Data »
________________________
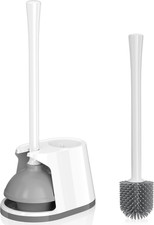 Toilet Plunger and Brush Set, Silicone Bowl Brush and Heavy Duty Toilet Plunger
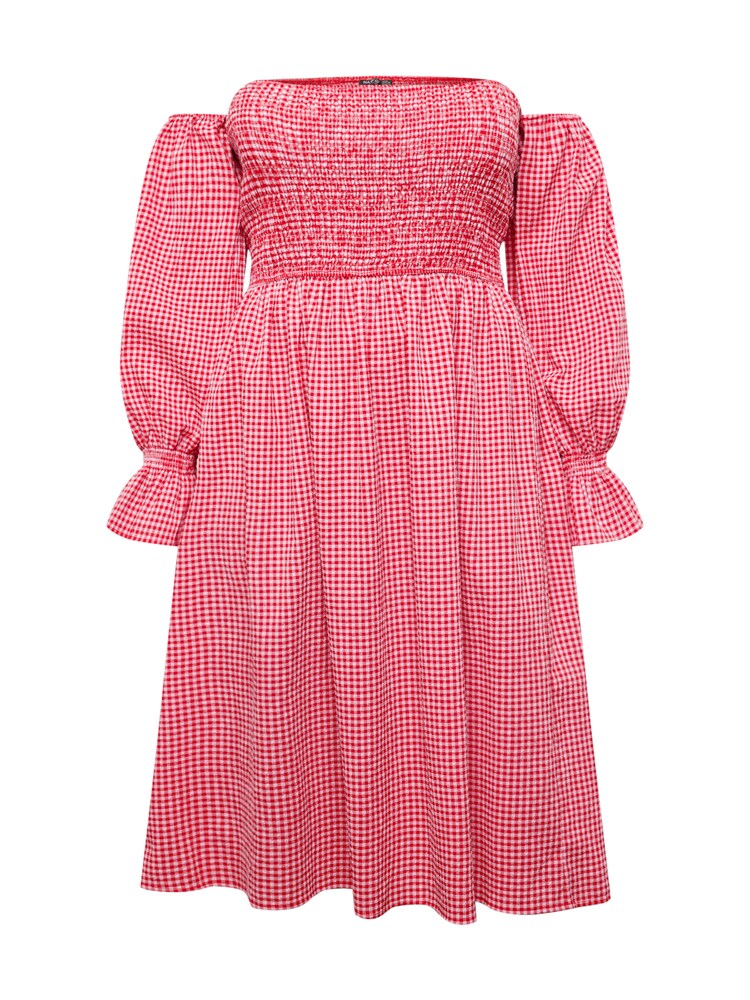 Nasty Gal Plus Kleid Damen Größe 54 rot / pastellrot / weiß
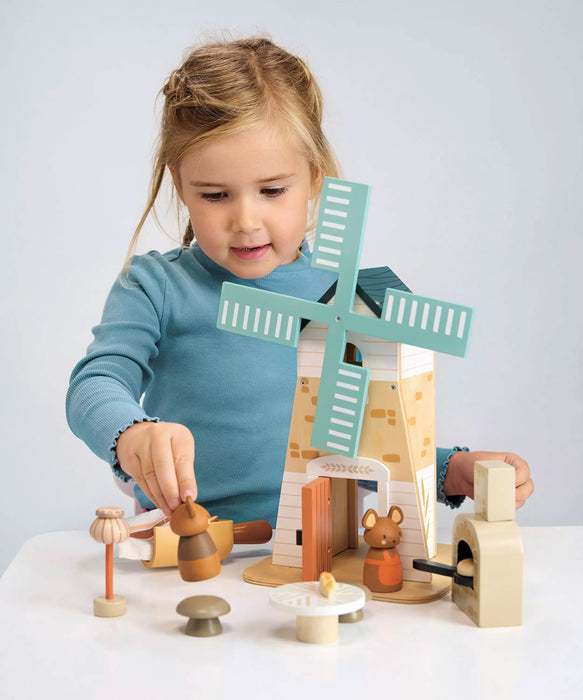 Penny Windmill & Field Mice - Wooden Countryside Play Set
________________________
Work task »
Would it be possible to reproduce the material word for word, images omitted?

Answer below »
 Toilet Plunger and Brush Set, Silicone Bowl Brush and Heavy Duty Toilet Plunger
 Nasty Gal Plus Kleid Damen Größe 54 rot / pastellrot / weiß
 Penny Windmill & Field Mice - Wooden Countryside Play Set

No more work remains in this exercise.